Bocah Zaydan Ditemukan Mengambang di Sungai Cikalang Tasikmalaya

Bocah 6 Tahun Ditemukan di Sungai Cikalang Setelah Hilang Dua Hari

Seorang bocah berusia 6 tahun bernama Zaydan Al Fatih akhirnya ditemukan setelah hilang selama dua hari. Kejadian ini terjadi saat ia mengantar orang tuanya ke wilayah Kelurahan Tugujaya. Pencarian yang dilakukan oleh pihak kepolisian dan organisasi bantuan bencana (BPBD) akhirnya membuahkan hasil.

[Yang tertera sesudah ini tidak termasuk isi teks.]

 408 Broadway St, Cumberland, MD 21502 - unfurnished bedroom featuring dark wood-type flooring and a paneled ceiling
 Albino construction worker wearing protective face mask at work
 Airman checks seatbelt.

Penemuan Korban dalam Kondisi Meninggal Dunia

Bocah Zaydan ditemukan di Sungai Cikalang, Kecamatan Tawang, Kota Tasikmalaya pada hari Minggu (4/1/2026) sekitar pukul 08.30 WIB. Ia ditemukan dalam kondisi meninggal dunia dengan badan terlilit kain dan karung. Mayat korban kemudian dibawa ke RSUD dr Soekardjo Kota Tasikmalaya sebelum akhirnya dibawa ke rumah duka di wilayah Kecamatan Tamansari untuk disemayamkan dan dimakamkan.

Peristiwa Hilangnya Bocah 6 Tahun

Zaydan hilang sejak hari Jumat (2/1/2026) saat ia ikut bersama orang tuanya melakukan verifikasi bantuan sosial di Kelurahan Tugujaya, Kecamatan Cihideung, Kota Tasikmalaya. Anak ketiga dari pasangan suami Ali Darsono (46) dan Deli Delia (38) ini diduga jatuh dan hanyut terbawa aliran air selokan yang tidak jauh dari lokasi tersebut.

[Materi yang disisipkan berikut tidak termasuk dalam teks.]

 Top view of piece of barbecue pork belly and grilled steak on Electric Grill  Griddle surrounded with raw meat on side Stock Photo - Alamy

Proses Pencarian dan Evakuasi

Menurut keterangan dari Iptu J. Jonansa, Pamapta II Polres Tasikmalaya Kota, pencarian korban dilakukan selama dua hari oleh tim gabungan dari Polres Tasikmalaya dan BPBD. Pada saat ditemukan, korban dalam posisi mengambang dengan perut terikat kain dan karung. Hal ini menyebabkan korban terjebak dan sulit untuk dievakuasi.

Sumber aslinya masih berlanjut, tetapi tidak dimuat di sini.